:: TASK STATEMENT ::
Every line from the one holding "Next up is going" through the one holding "Looking at this" in the data below must be returned exactly, both ends included, with pictures left out and nothing else added.

── RECORDS TO PROCESS

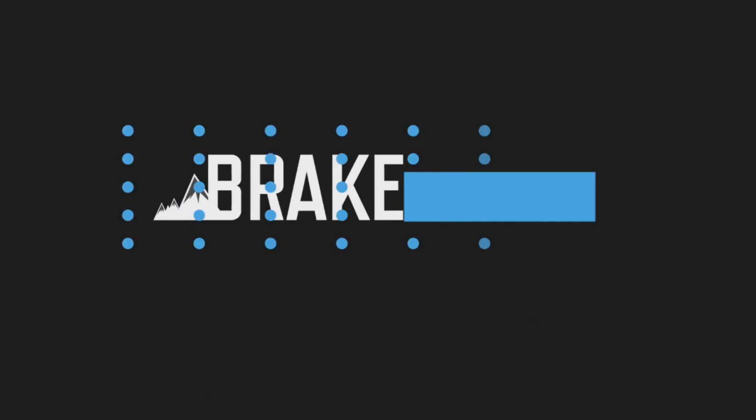My name's Lil Pavey, this is Brake Magazine, and you're watching Mini Tip Monday. For this week's Mini Tip, we've come into the workshop to talk about Handlebar Setup.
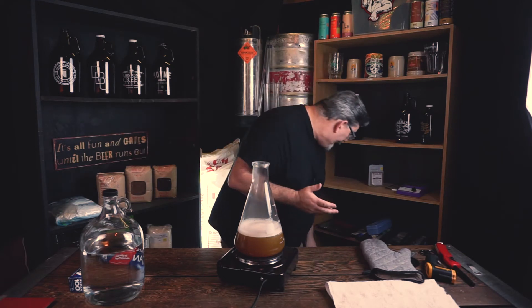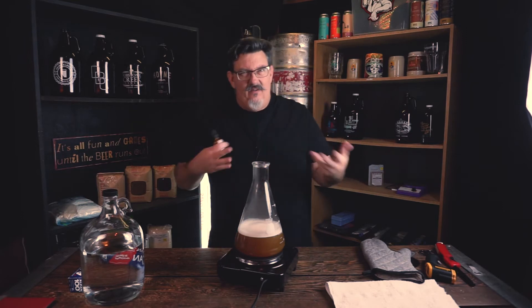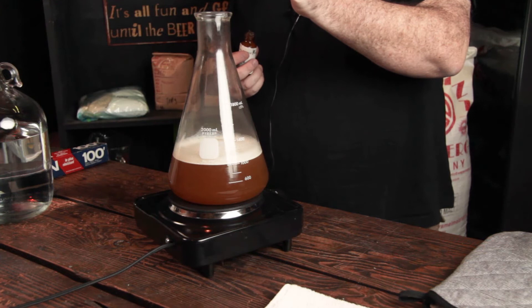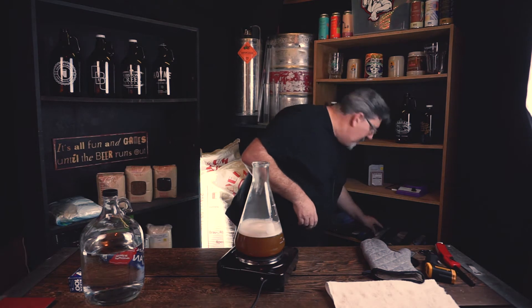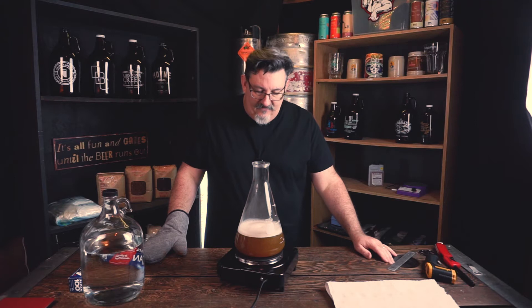Another option is to add an anti-foaming agent. I don't think it's a necessity, but you can add a single drop — in fact, that's probably going to be too much. We'll add a single drop and see if that helps prevent boiling over in the kettle. It's no harm to the beer, and since this is a starter and not something we're going to drink, it's fine.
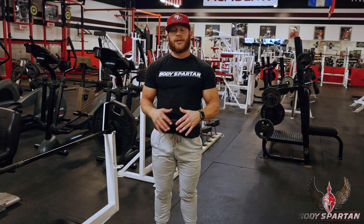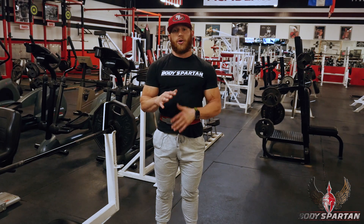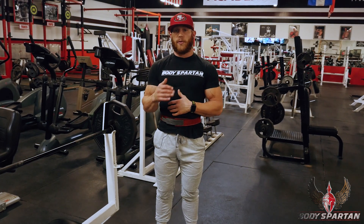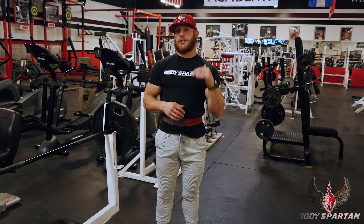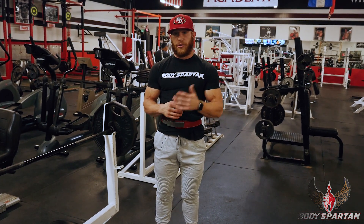Next up is going to be the flat bench. Here we're going to do five sets total — five progressive sets — we're going to be moving the weight up each time. Just remember that when we get to the fifth set we still want to be hitting twelve reps, so adjust the weight accordingly.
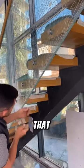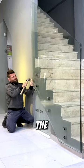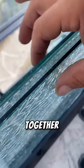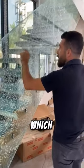Looking at this video, you will think that he is trying to break the glass, but in reality, he is trying to design the glass. This is a technique used to design by joining three glasses together and then breaking the middle one, which makes the glass look more creative and attractive.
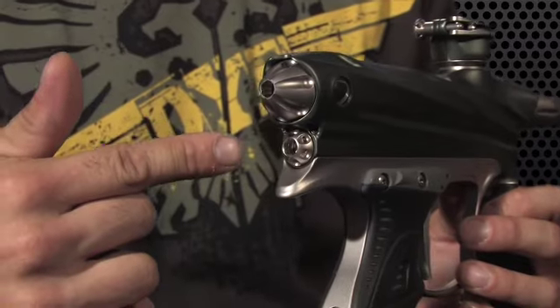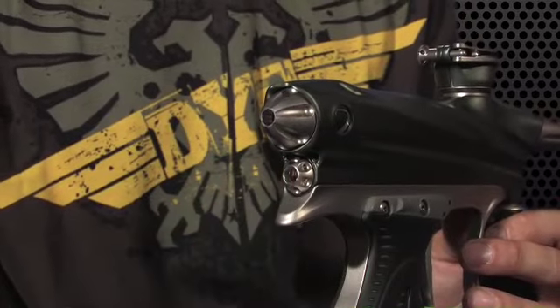A big feature in this gun is the LPR right in the back. People often ask how it works, why it's there, and how to adjust it. The LPR is really important — it's one of the things that sets the DM series apart from a lot of other spool valves, most of which don't have an LPR. What it does is lower the pressure coming into the gun before it gets to the solenoid, which is what fires the gun — it cycles the bolt back and forth by transferring air to the front of the bolt, pushing it back or forward. You can adjust just how hard the bolt cycles and how much force is generated as it comes forward — all controlled by the LPR.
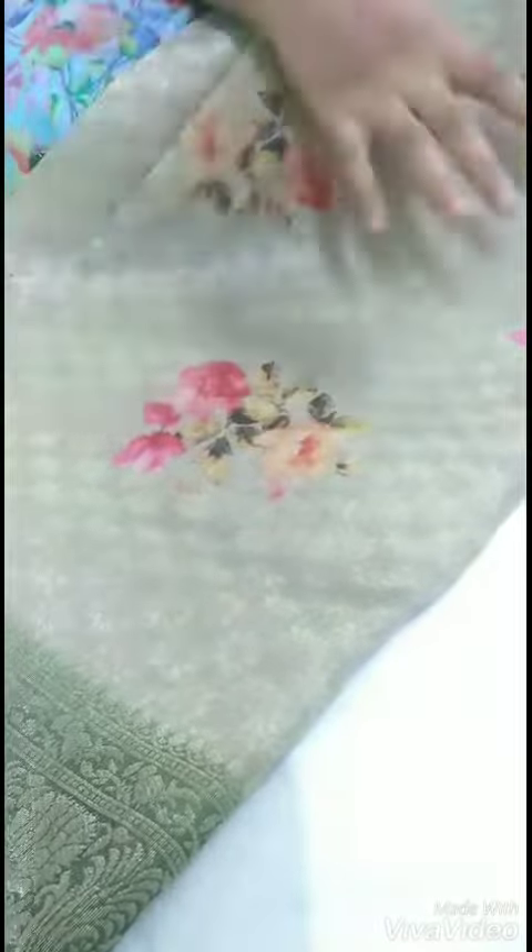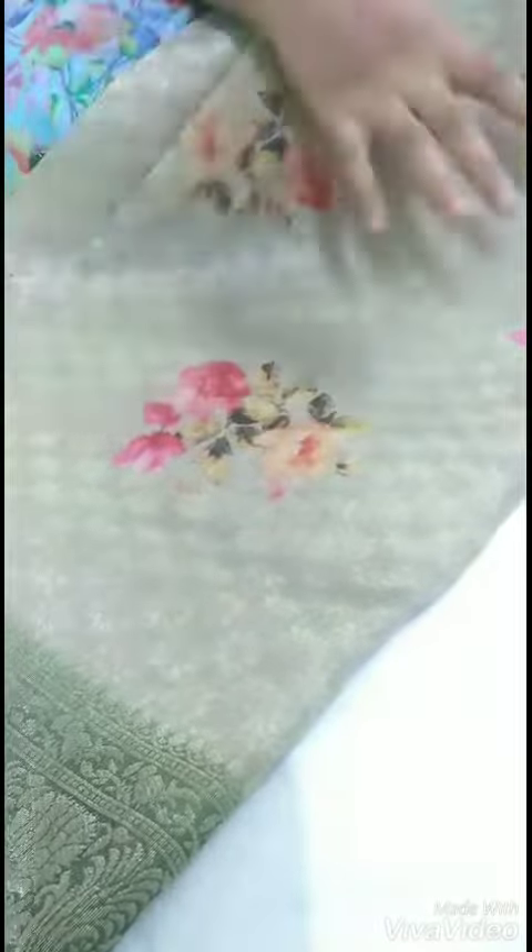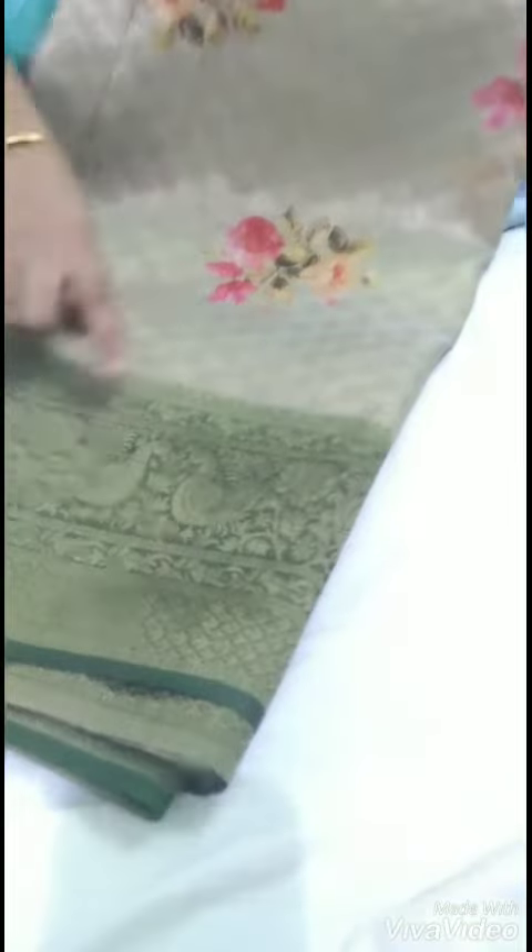I am going to show you a flower design. Overall, we have jari. That's why it is more elegant, more attractive and shiny. It is a very shiny colour and the stones also have a glitter colour. It is very clean.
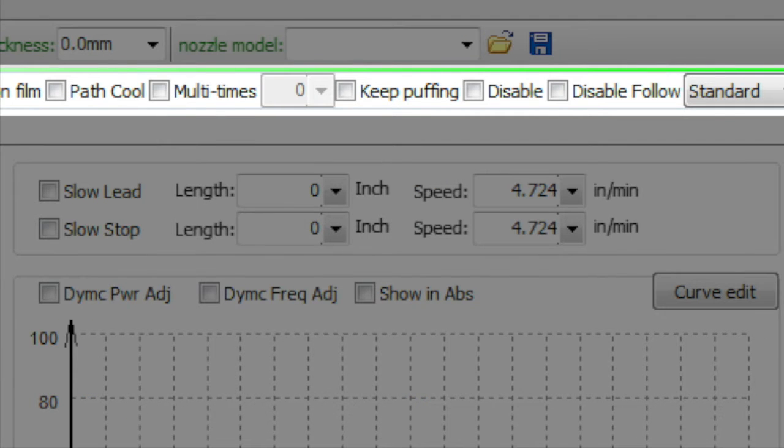Path cool is something heat-related but it's an after-the-fact thing. If you have that checked, when it actually cuts the part it will re-cut the part with the laser off, which serves as a way to cool the part down so you can touch it after the cut. Not really something we're focused on here as far as helping with cut quality.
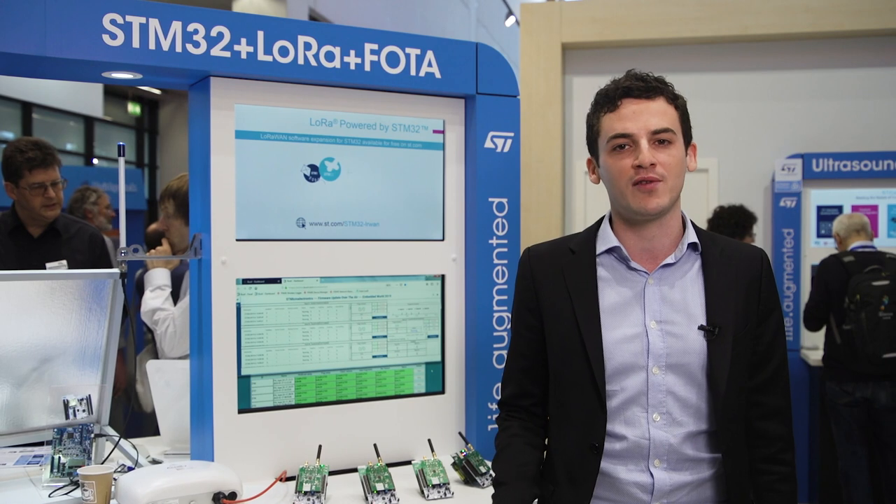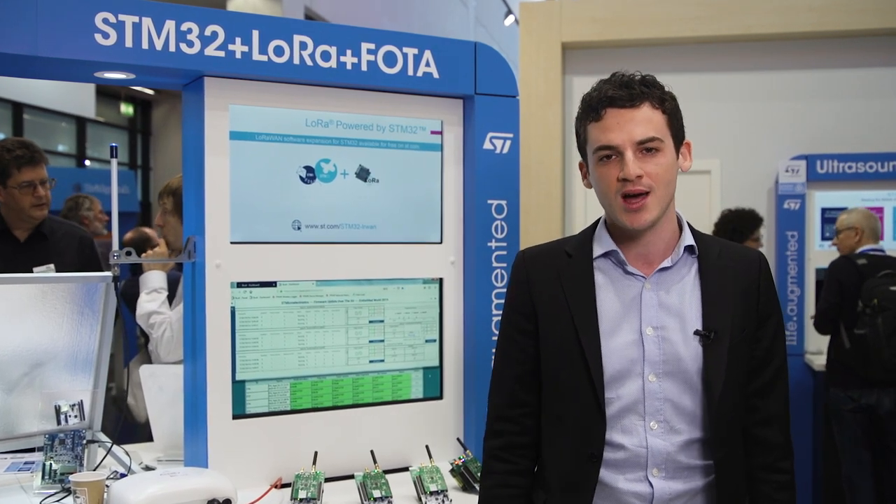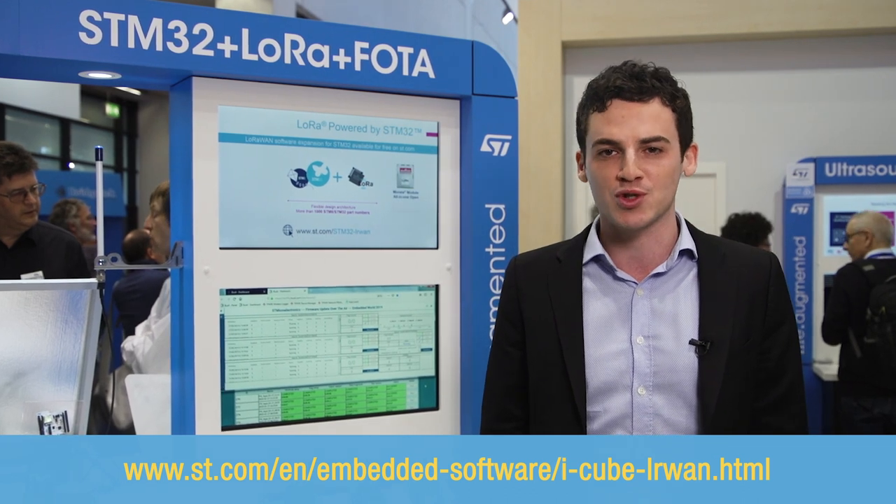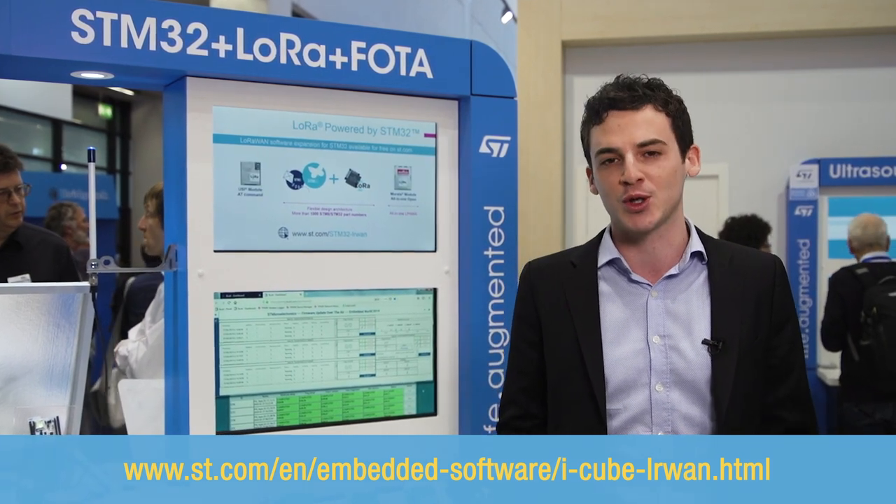We are glad to perform this demonstration on Actility's production server with our ready-to-use and certified LoRaWAN stack running on off-the-shelf STM32 MCUs. And last but not least, everything is fully compliant with LoRaWAN's recommendation for FOTA from the Technical Committee. We'll see you in the next video.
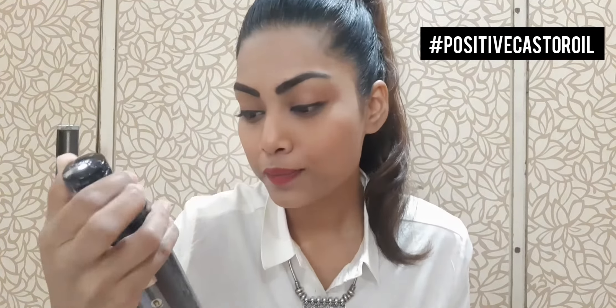It says this is made in India, paraben free, fragrance free — it has no smell, no fragrance. This is 100% pure vegan. I love vegan products, I'm a huge fan, and I'm also a huge fan of cruelty free products.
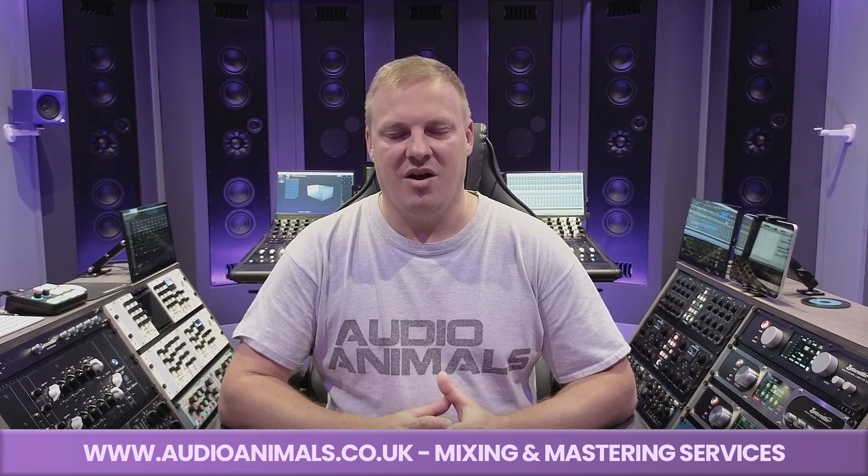For interfacing, at the back we have the Avid MTRX Studio and a Ferrafish Pulse DX. Everything is run over Dante in this room. We have two Martin Logan amps that power the speakers, and over this side two BIRL converters for ADDA conversion to the mastering chain. Below that I have a Flock patch bay as well. And that is Audio Animals Studio B — the dream studio.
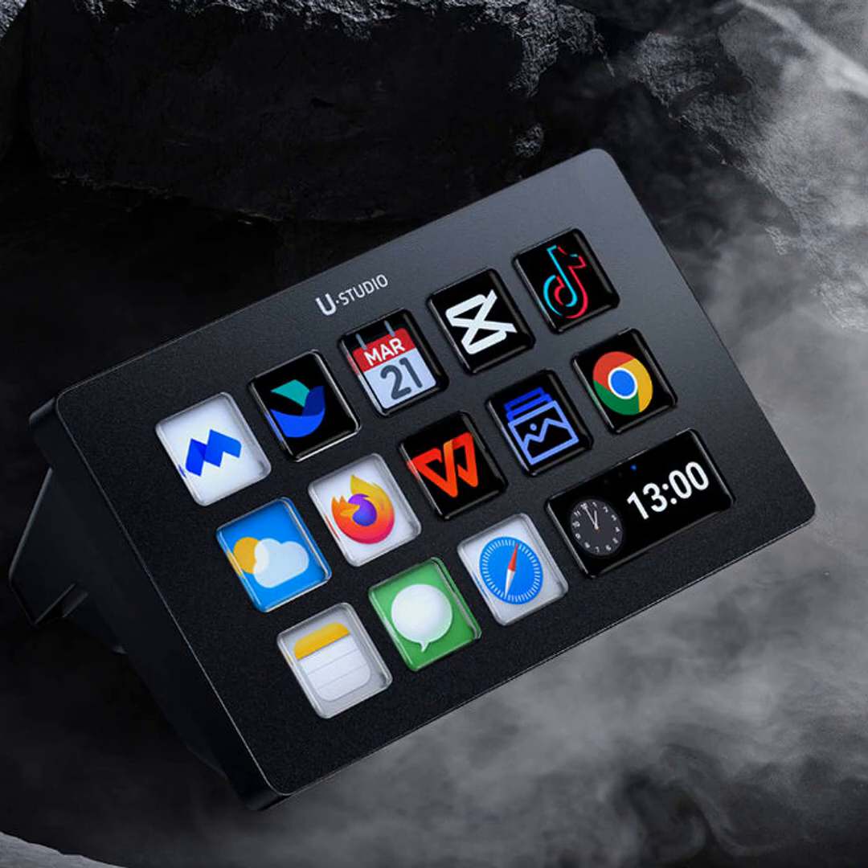I honestly don't know how I lived without it. Well, that about wraps it up for today's show. As always, thanks for listening to the Productivity Podcast. Let me know if you try out the Stream Deck and how it works for you. Don't forget to follow for more tips on getting things done. See you next time.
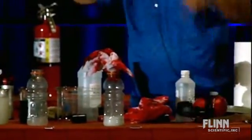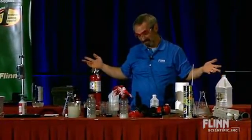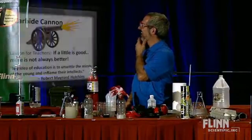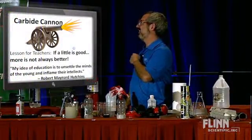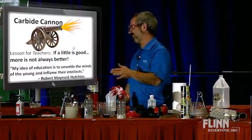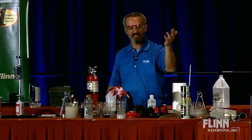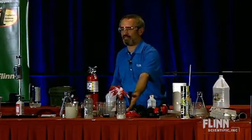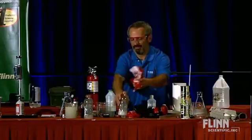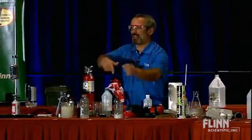Some people in the front weren't even covering their ears because they anticipated it — what's with that? Well, my reaction was kind of a dud. Lesson for teachers: if a little is good, more is not always better. We produced so much acetylene that it pushed out so much of the air — there's virtually no oxygen left, not enough to create an explosive mixture. I could try adding more, but that's not very careful. Don't expect the super loud one because I just blew out a bunch of the acetylene too.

────

:: RESPONSE TO THIS TASK ::
Next up is going to be the flat bench. Here we're going to do five sets total — five progressive sets — we're going to be moving the weight up each time. Just remember that when we get to the fifth set we still want to be hitting twelve reps, so adjust the weight accordingly.
Looking at this video, you will think that he is trying to break the glass, but in reality, he is trying to design the glass. This is a technique used to design by joining three glasses together and then breaking the middle one, which makes the glass look more creative and attractive.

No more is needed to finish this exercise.